Additionally, user-friendliness. Now, user-friendliness, it should be obvious that we want a simple and understandable design that brings users back. Overcomplication was the old web. Cluttered web pages was the old web. Nowadays, people are expecting a Google-like interface to be able to simply type in a search
term, hit enter, and get results. But also, people are expecting to have an advanced search for those who are advanced users, scientific users, but also that simple interface that I talked about for the great majority of users. Comprehensiveness means that the site covers its
scope as completely as possible. We probably aren't going to get everything, but we should get as close to comprehensiveness as we can, and comprehensiveness should be the goal.
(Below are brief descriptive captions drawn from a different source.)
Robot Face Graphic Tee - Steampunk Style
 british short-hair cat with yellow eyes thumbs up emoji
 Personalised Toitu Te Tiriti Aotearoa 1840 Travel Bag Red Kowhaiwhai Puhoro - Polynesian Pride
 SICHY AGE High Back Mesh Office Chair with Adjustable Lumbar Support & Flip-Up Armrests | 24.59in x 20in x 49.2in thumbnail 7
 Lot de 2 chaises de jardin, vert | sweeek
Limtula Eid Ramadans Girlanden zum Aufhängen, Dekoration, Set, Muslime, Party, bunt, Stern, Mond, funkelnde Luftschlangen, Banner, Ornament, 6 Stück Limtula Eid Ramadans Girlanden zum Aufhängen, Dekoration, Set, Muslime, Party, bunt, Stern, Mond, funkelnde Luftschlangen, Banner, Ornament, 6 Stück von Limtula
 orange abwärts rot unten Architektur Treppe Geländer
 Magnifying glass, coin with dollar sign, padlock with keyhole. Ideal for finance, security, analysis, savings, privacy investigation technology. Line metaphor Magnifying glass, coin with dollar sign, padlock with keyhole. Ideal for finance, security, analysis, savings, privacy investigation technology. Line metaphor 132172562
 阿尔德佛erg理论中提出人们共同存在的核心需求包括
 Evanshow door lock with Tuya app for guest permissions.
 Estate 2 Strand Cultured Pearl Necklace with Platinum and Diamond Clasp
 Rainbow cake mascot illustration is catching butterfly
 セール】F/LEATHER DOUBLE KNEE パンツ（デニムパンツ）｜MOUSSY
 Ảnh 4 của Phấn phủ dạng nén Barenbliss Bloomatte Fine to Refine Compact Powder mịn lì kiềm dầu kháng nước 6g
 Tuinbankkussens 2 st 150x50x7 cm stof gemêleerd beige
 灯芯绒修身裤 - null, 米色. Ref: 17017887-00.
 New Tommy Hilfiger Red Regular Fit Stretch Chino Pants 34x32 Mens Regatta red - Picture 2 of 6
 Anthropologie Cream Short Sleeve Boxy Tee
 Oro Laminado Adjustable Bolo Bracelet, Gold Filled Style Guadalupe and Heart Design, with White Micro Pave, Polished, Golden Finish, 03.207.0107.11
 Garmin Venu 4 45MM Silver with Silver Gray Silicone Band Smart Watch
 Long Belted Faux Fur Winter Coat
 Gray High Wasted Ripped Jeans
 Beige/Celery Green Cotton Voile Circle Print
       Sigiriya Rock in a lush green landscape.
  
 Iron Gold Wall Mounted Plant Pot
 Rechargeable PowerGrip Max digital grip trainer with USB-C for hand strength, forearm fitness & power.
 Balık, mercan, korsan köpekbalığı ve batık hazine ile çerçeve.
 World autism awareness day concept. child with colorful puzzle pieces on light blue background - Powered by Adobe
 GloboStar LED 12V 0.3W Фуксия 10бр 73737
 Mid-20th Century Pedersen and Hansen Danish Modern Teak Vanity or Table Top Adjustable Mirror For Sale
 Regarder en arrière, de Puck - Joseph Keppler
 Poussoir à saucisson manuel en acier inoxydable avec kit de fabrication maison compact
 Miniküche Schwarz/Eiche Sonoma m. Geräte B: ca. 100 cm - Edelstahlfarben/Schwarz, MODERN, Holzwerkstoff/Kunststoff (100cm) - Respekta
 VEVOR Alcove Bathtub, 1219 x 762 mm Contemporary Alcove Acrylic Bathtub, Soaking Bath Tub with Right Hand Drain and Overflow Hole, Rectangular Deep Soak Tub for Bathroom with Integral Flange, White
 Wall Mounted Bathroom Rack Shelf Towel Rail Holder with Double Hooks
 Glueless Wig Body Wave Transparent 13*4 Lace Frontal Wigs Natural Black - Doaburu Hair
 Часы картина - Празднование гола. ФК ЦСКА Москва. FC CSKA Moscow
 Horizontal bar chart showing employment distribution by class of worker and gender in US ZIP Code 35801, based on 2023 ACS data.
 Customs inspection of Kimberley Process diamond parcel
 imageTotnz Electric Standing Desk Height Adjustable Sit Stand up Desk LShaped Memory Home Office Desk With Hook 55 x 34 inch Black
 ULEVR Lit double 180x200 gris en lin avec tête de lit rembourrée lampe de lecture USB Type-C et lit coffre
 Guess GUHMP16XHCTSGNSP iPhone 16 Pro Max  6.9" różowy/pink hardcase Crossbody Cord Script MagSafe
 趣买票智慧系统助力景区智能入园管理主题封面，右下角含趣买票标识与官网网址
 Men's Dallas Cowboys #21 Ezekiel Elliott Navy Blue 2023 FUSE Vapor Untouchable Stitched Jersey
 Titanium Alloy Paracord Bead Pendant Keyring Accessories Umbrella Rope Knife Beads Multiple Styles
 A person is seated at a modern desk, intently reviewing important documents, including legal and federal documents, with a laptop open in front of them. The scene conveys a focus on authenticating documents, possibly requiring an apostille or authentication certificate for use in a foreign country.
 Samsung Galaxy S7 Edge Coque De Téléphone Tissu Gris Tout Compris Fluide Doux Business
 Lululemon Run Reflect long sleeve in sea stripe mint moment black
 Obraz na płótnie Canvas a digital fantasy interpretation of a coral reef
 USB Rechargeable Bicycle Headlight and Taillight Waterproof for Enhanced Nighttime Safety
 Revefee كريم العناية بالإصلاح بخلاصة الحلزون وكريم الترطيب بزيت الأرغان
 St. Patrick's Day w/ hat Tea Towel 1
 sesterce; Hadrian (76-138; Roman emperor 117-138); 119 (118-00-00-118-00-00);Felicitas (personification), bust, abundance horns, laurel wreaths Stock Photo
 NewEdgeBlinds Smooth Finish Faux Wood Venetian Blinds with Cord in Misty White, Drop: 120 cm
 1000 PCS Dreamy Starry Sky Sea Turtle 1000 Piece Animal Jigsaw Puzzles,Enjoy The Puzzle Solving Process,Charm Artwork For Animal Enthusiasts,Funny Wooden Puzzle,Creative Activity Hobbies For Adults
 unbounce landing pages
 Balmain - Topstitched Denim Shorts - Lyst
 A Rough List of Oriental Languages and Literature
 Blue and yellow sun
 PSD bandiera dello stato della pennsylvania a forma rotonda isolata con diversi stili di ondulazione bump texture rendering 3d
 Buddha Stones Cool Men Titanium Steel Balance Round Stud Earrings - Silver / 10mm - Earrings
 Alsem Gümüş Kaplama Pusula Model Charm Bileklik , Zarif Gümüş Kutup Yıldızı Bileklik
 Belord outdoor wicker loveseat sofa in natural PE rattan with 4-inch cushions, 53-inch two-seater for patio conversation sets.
And this means that our site would be a one-stop shop for everything that they need in nuclear
science and technology. And this means not only the most recent records, which is a great goal, as I talked about, timeliness, but we should also go back in time when we can. The most recent records should be the priority, but those going back into the past aren't invaluable. They're valuable as well.
So Innes could adopt all of their best practices and the best repositories in the world. It could take from the standards that have been given. It could improve in timeliness, openness, preservation, user-friendliness, and comprehensiveness. And perhaps more attributes could be found.
If you have any to suggest, please let me know. And furthermore, a maturity model in these areas could be developed. That could be the subject of a future paper. And thank you very much for your attention.